DATASET RECORDS:
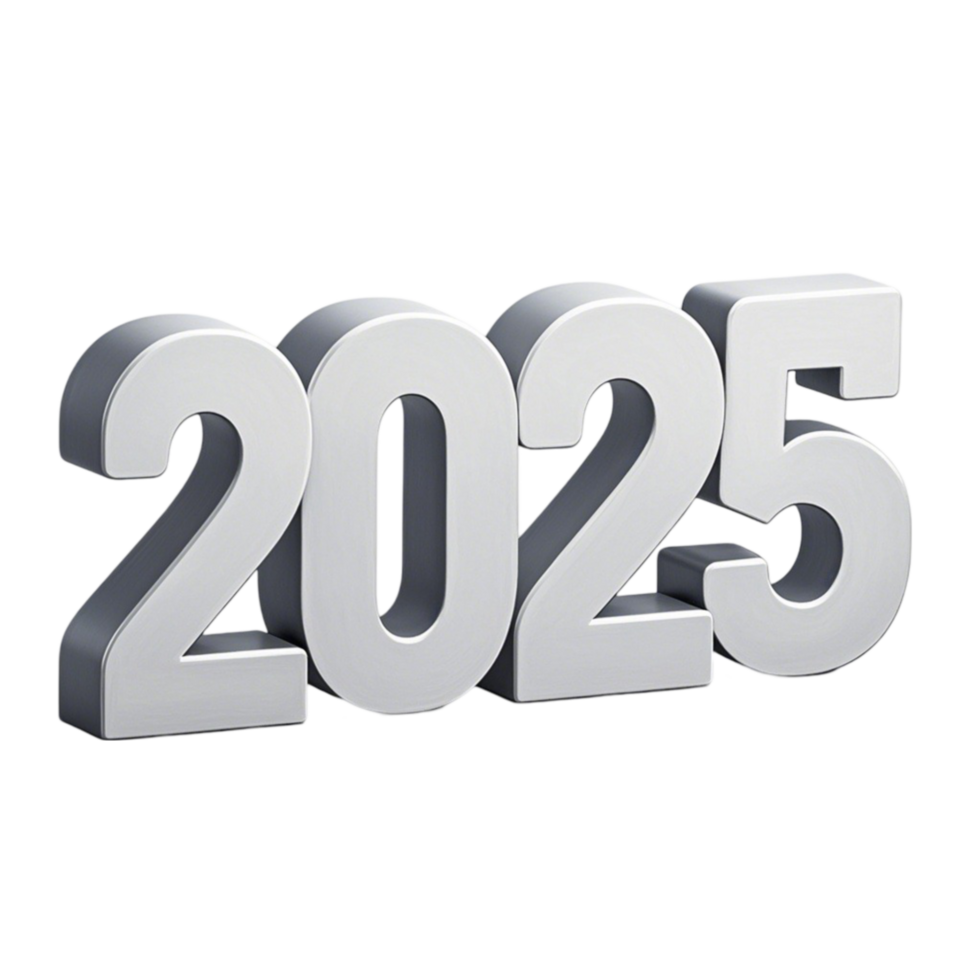 Metallic 2025 Number Design png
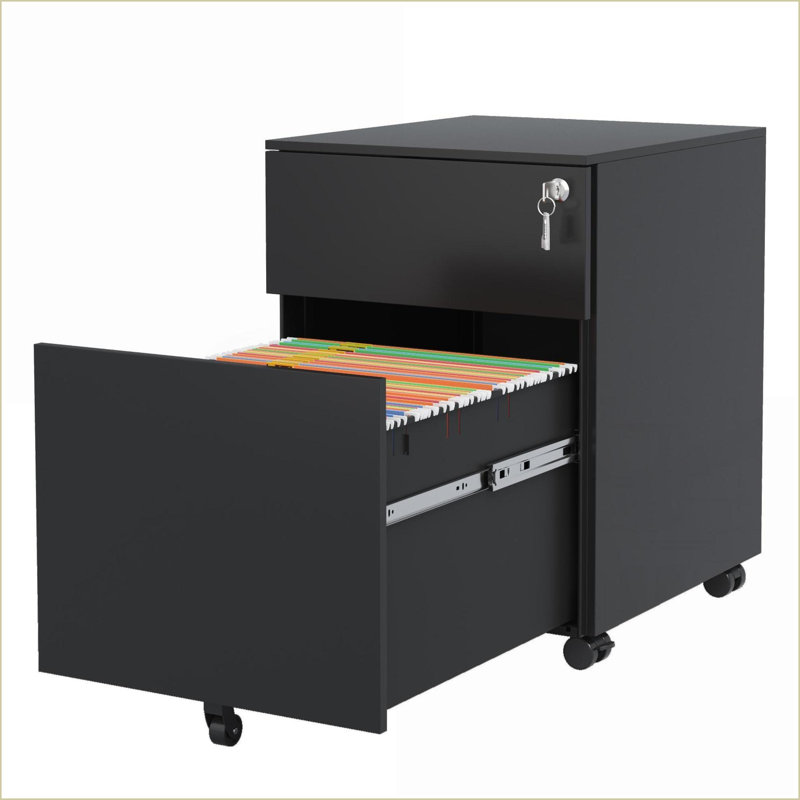 File Cabinets 2 Drawer Mobile Lockable Steel Filing Cabinet for Home Office | Black | Office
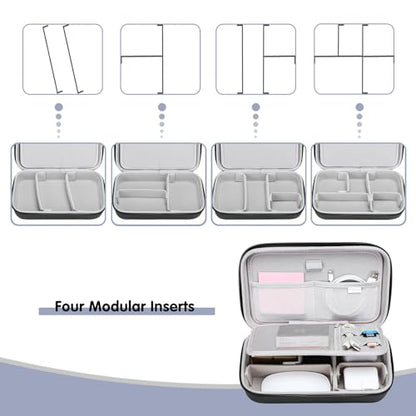 MOSISO Electronic Organizer Travel Case Compatible with MacBook Power Adapter, Compatible with Magic Mouse & Pencil, SD Card, USB Flash Disk with 4 Modular Insert & 2 Cable Tie & Snap Hook, Black - color: Black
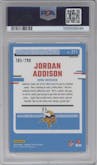 Jordan Addison from the 2023 Donruss Optic set featuring a Aqua parallel graded by PSA and given an overall grade of 10.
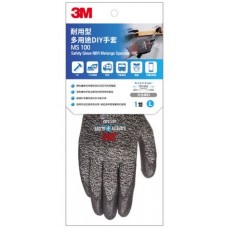 3M MS100 L碼 耐用型多用途DIY手套 灰色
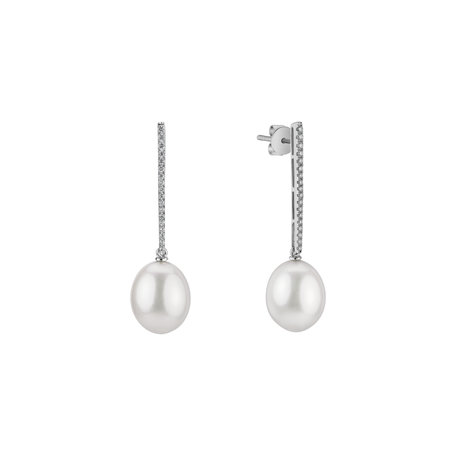 Diamond earrings with Pearl Underwater Sierra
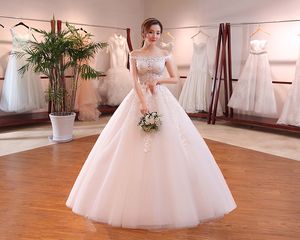 Robe De mariée La Mariée À Manches Courtes Bateau Cou De Luxe Dentelle Broderie Princesse Sexy Découpe Robe De Bal Robe De Novia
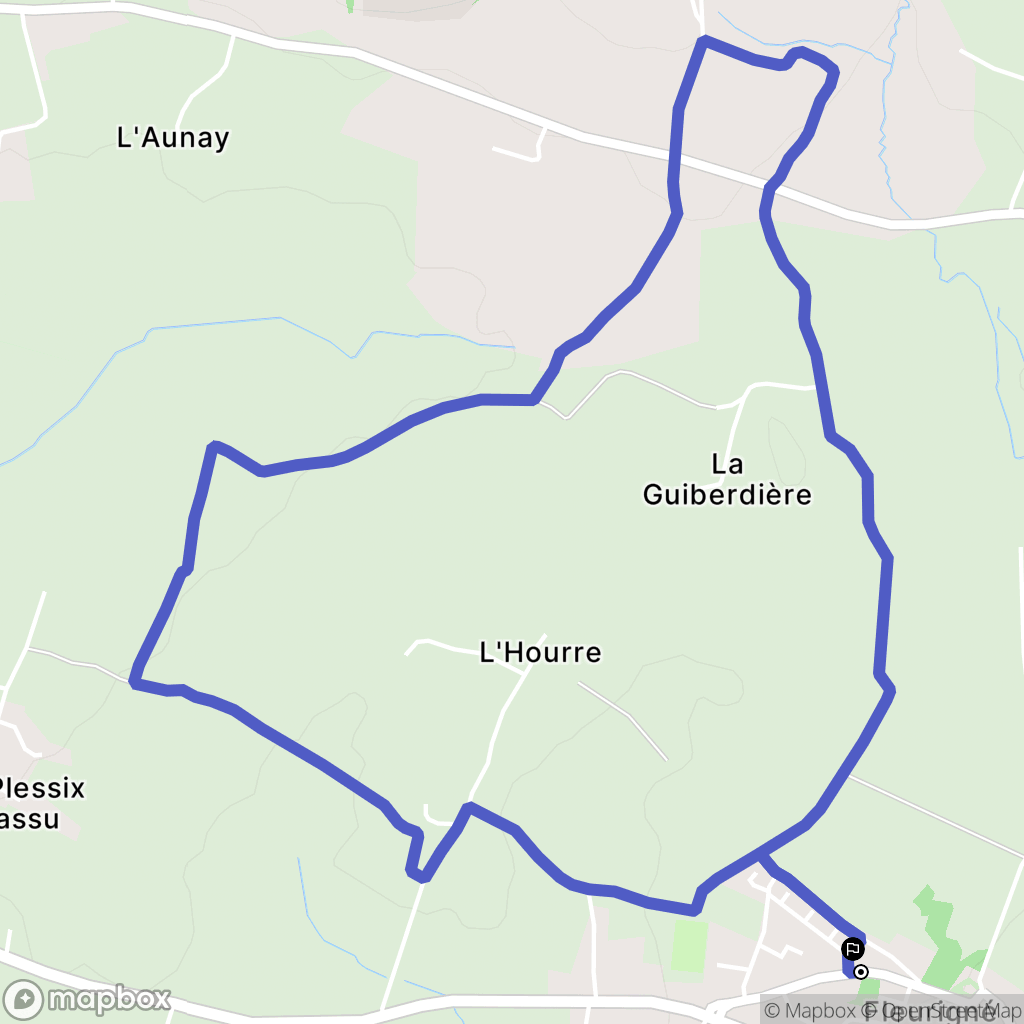 Fleurigné : carte du parcours de randonnée - France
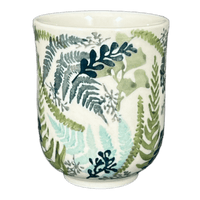 A picture of a Polish Pottery 6 oz. Wine Cup (Scattered Ferns) | K111S-GZ39 as shown at PolishPotteryOutlet.com/products/6-oz-wine-cup-scattered-ferns-k111s-gz39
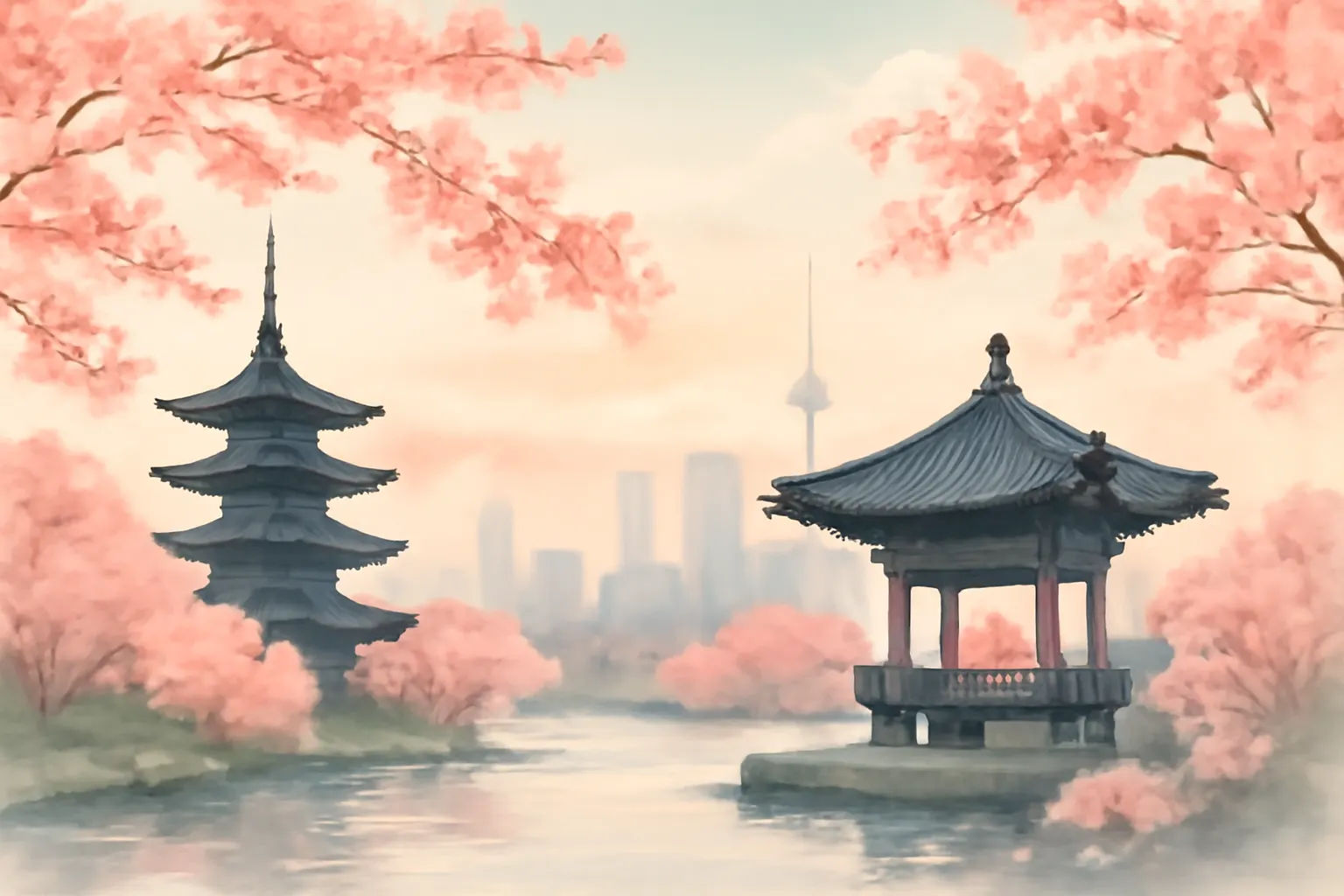 Artistic travel magazine style illustration blending Japanese and Korean cultural elements with soft pastel cityscapes and traditional motifs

TASK DIRECTIONS:
Your copy should hold exactly the lines from the line containing "3M MS100 L碼 耐用型多用途DIY手套 灰色" through the last line of the listing above, both included, and no pictures.

RESULT:
 3M MS100 L碼 耐用型多用途DIY手套 灰色
 Diamond earrings with Pearl Underwater Sierra
 Robe De mariée La Mariée À Manches Courtes Bateau Cou De Luxe Dentelle Broderie Princesse Sexy Découpe Robe De Bal Robe De Novia
 Fleurigné : carte du parcours de randonnée - France
 A picture of a Polish Pottery 6 oz. Wine Cup (Scattered Ferns) | K111S-GZ39 as shown at PolishPotteryOutlet.com/products/6-oz-wine-cup-scattered-ferns-k111s-gz39
 Artistic travel magazine style illustration blending Japanese and Korean cultural elements with soft pastel cityscapes and traditional motifs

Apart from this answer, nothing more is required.